> [Description of the task]:
Reproduce word for word the line that contains "Apartamento a venda" and every line after it to the end of the records, with nothing else added.

> [Web page caption snippets]:
+ + + + +
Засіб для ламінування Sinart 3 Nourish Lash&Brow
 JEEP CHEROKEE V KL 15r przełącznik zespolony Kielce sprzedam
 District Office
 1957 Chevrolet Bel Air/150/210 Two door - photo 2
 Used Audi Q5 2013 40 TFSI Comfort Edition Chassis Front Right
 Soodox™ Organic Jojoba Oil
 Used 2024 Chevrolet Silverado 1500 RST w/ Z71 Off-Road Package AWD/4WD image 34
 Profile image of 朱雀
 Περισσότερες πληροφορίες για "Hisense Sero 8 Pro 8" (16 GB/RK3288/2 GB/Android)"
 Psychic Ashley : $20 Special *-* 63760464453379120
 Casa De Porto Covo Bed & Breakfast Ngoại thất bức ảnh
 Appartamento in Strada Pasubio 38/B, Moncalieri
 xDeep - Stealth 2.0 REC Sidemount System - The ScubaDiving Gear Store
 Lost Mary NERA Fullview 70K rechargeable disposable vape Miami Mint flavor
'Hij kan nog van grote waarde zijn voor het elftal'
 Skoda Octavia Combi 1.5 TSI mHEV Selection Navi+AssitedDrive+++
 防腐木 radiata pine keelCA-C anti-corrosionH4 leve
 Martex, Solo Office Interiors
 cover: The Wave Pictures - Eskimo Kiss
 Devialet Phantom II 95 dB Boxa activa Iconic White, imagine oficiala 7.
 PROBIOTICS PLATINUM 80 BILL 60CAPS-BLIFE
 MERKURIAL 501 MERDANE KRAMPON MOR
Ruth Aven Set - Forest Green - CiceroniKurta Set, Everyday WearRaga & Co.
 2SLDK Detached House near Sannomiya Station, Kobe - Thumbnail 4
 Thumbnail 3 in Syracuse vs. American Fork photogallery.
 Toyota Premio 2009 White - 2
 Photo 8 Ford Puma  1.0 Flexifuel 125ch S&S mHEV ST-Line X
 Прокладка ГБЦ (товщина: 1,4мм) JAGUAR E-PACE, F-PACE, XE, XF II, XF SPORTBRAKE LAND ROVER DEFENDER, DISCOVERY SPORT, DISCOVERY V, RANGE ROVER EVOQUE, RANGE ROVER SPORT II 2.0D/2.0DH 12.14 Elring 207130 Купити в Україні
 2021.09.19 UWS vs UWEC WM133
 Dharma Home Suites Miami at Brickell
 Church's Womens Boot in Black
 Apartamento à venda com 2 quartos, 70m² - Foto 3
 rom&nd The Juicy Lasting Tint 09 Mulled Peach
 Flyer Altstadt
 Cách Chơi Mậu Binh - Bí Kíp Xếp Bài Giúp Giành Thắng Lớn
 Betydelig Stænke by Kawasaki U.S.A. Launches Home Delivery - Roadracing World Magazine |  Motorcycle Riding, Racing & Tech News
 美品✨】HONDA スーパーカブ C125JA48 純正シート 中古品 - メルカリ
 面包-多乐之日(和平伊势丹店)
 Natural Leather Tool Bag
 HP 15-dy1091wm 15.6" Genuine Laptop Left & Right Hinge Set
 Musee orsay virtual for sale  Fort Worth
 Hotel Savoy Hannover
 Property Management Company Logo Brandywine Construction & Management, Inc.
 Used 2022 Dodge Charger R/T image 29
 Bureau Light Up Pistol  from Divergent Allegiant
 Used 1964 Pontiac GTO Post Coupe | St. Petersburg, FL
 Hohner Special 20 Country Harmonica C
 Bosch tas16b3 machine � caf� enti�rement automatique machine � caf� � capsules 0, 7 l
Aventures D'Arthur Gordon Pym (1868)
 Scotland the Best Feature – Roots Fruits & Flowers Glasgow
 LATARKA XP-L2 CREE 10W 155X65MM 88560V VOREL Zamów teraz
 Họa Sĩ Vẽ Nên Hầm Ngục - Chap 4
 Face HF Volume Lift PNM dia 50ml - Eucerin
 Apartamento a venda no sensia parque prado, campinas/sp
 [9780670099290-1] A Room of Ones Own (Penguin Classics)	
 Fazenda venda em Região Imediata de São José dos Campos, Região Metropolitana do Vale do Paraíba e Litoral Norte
+ + + + +
> [Solution for this exercise]:
 Apartamento a venda no sensia parque prado, campinas/sp
 [9780670099290-1] A Room of Ones Own (Penguin Classics)	
 Fazenda venda em Região Imediata de São José dos Campos, Região Metropolitana do Vale do Paraíba e Litoral Norte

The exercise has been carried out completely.